Elizabeth Warren's Fuzzy Math

Study: Productivity gains less impressive than Democratic senator suggests

Elizabeth Warren / AP
March 25, 2013

Sen. Elizabeth Warren’s (D., Mass.) argument that the minimum wage would be triple what it is today if it were linked with productivity relies on oversimplified and faulty data, a new study says.

Warren’s rhetoric "makes zero economic sense, and demonstrates how out of touch Sen. Warren is with business realities faced by employers who hire people and pay them the minimum wage," said the report by the Employment Policies Institute (EPI), a free market think tank specializing in wage issues.

Warren raised the prospect of a $45,000 annual minimum wage at a March 14 Senate Health, Education, Labor, & Pensions Committee hearing. Warren embraced tying wages to productivity during a question and answer session with radical activist-turned-University of Massachusetts Amherst economist Arin Dube.

The federal minimum wage is currently $7.25 and is raised through congressional action. President Obama called for an increase in the wage during his February State of the Union Address.

"As productivity goes up, that is, as workers are producing more, the minimum wage is going to be the same, and if that were the case the minimum wage today would be about $22 an hour," Warren said during the Q&A. "What happened to the other $14.75? It sure didn’t go to the worker."

Dube testified that tying minimum wage to other sectors of the economy, namely the income growth of high earners, would have produced a $33 minimum wage before the 2007 recession.

However, EPI research director Mike Saltsman says Warren and Dube oversimplify the nation’s growth in productivity.

"There’s a considerable difference between what people are doing and what they’re producing—there’s only so fast you can bus a table or cook a burger," he said.

"The productivity gains don’t match the overall economy. It’s completely inaccurate to link the minimum wage to overall productivity."

Most minimum wage workers are employed in the service sector, rather than the computer and cell phone companies that experts say drove productivity gains in the latter half of the 20th century.

Productivity in the food service industry, a hotbed for entry-level positions, grew by only 7 percent over the last 20 years, as opposed to nearly 60 percent gains in all businesses.

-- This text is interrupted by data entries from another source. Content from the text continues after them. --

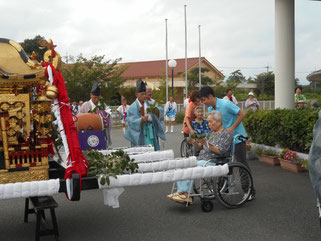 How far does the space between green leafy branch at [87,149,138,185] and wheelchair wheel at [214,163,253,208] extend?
1.61 meters

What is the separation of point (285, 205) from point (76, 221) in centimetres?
324

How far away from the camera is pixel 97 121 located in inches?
248

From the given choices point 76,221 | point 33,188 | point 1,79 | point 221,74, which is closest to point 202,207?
point 76,221

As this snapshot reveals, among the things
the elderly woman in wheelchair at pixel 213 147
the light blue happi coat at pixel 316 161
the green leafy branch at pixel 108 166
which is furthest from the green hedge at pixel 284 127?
the light blue happi coat at pixel 316 161

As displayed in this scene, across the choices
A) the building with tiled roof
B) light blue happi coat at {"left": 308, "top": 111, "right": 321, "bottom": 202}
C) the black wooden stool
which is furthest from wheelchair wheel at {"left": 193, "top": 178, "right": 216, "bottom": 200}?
the building with tiled roof

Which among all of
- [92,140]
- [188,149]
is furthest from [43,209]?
[188,149]

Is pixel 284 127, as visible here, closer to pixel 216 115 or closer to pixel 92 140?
pixel 216 115

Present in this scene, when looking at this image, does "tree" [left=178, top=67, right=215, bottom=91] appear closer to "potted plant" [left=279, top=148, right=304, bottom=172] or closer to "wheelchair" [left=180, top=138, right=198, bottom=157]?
"wheelchair" [left=180, top=138, right=198, bottom=157]

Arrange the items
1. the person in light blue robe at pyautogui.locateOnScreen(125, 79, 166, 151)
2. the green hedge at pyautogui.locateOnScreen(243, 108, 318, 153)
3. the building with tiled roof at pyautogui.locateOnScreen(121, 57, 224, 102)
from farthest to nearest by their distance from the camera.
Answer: the building with tiled roof at pyautogui.locateOnScreen(121, 57, 224, 102) < the green hedge at pyautogui.locateOnScreen(243, 108, 318, 153) < the person in light blue robe at pyautogui.locateOnScreen(125, 79, 166, 151)

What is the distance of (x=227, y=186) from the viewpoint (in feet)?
19.6

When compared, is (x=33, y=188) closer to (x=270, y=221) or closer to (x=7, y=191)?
(x=7, y=191)

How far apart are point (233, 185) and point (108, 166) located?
7.48ft

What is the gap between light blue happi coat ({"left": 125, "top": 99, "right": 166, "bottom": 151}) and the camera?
7344mm

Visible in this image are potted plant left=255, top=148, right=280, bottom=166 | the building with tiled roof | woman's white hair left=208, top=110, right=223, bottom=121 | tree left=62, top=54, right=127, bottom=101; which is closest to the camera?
woman's white hair left=208, top=110, right=223, bottom=121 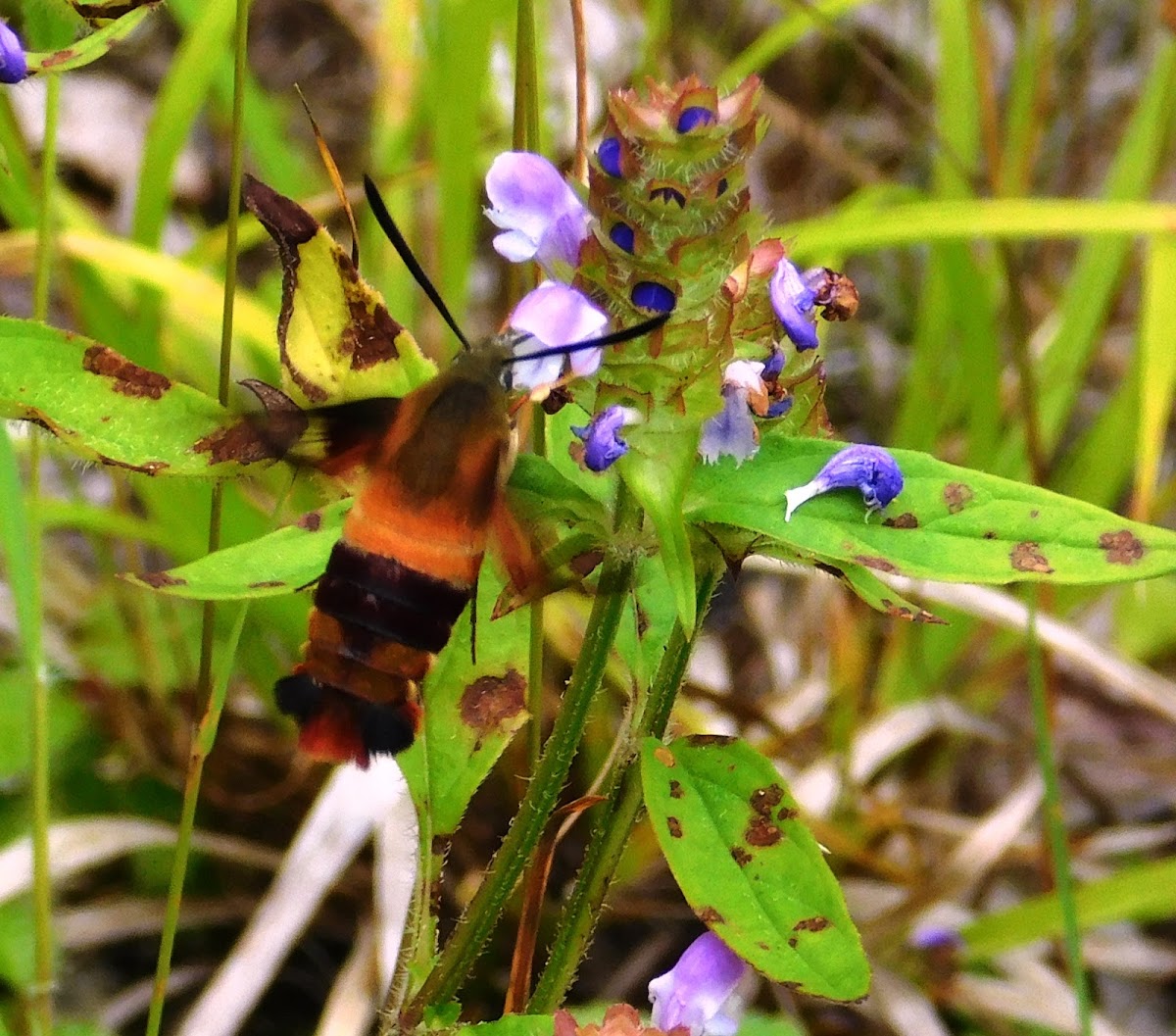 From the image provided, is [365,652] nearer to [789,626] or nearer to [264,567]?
[264,567]

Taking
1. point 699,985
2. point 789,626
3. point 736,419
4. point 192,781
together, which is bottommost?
point 699,985

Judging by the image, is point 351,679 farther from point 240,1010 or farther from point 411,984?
point 240,1010

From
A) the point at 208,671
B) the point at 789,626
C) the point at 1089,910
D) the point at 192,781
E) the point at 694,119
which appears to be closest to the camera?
the point at 694,119

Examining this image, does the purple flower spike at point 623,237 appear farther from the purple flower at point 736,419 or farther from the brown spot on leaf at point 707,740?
the brown spot on leaf at point 707,740

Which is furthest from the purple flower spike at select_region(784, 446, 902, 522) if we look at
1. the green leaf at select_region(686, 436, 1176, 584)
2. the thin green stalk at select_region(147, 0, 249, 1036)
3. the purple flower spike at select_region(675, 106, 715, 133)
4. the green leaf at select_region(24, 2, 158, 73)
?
the green leaf at select_region(24, 2, 158, 73)

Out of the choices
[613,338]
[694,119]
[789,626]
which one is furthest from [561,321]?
[789,626]

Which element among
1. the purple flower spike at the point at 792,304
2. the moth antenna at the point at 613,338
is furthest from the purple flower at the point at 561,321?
the purple flower spike at the point at 792,304

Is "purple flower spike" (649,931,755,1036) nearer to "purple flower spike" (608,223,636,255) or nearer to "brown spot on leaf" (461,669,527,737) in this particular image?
"brown spot on leaf" (461,669,527,737) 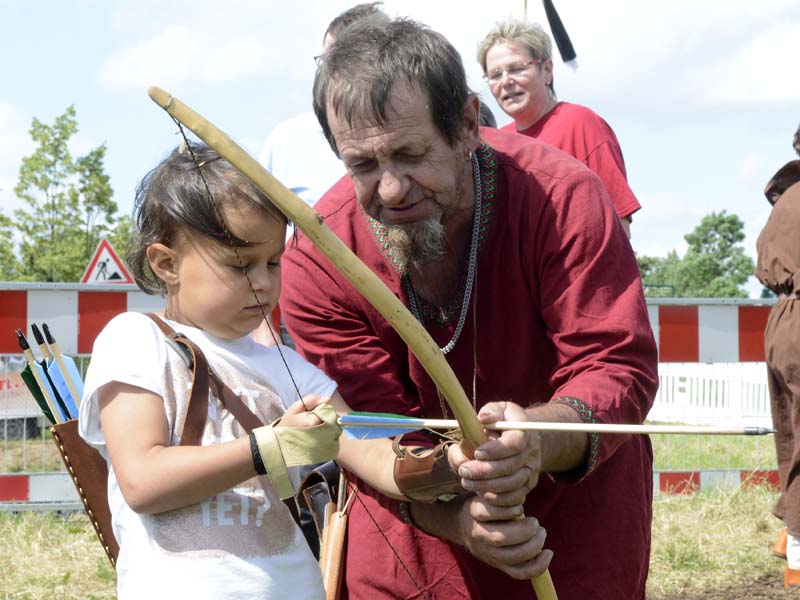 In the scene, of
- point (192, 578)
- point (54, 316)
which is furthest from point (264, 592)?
point (54, 316)

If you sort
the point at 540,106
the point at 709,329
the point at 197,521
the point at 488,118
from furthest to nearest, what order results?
the point at 709,329 → the point at 540,106 → the point at 488,118 → the point at 197,521

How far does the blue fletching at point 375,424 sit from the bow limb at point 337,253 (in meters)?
0.09

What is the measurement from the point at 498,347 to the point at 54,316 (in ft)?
12.6

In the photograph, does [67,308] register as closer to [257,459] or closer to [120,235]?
[257,459]

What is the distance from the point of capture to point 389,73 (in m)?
2.57

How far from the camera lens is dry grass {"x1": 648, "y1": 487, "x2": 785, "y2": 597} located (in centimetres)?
532

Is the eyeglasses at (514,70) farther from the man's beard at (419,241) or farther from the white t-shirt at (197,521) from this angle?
the white t-shirt at (197,521)

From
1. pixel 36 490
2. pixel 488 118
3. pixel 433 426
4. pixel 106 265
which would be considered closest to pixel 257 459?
pixel 433 426

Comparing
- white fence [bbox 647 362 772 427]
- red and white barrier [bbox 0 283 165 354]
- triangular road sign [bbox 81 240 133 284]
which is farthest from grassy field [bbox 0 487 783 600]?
triangular road sign [bbox 81 240 133 284]

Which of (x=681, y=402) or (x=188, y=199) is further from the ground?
(x=188, y=199)

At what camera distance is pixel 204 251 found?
236 centimetres

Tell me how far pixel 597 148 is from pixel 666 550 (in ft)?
6.68

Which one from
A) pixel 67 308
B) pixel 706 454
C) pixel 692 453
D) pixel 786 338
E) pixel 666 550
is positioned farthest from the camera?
pixel 692 453

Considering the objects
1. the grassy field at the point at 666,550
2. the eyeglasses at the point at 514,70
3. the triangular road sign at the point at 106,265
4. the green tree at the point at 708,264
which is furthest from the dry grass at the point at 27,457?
the green tree at the point at 708,264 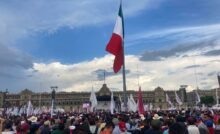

"These national gains don’t translate in the service industry and the data shows that," Saltsman said.

Warren did not return calls for comment.

Warren and Dube called for an incremental approach to raising wages rather than a retroactive one-time increase to $22.

President Obama called for a 24 percent wage increase in February. Sen. Tom Harkin (D., Iowa) took that one step further, proposing a $10.10 per hour wage, amounting to a 40 percent increase.

Saltsman said employers are already dealing with thousands of dollars in labor costs to adjust to Obamacare’s insurance mandates. Many shops and restaurant chains have slowed hiring and reduced employees to part-time status rather than pay a $2,000 fine per full time employee who does not receive health care, according to Saltsman.

"For a $9 minimum wage it wouldn’t be unreasonable for 400 to 450,000 entry level jobs nationwide to be lost … we’ve already seen with [Obamacare], employers are moving to a part-time workforce," he said. "Levels like [Warren’s] would have a lot of businesses close, while others would automate their processes entirely with almost no human service."

Harkin did not respond to requests for comment.

The National Federation of Independent Business (NFIB), a trade group representing thousands of small and local companies, echoed Saltsman’s concerns about wage hikes.

"Small businesses are the least able to absorb such a dramatic increase in their labor costs … because a large amount of their earnings go directly to pay for operating expenses, such as equipment, supplies, lease or mortgage, credit lines, inventory and employee wages and benefits," NFIB said in a release.

"These proposals do not incentivize growth or hiring—they make it nearly impossible."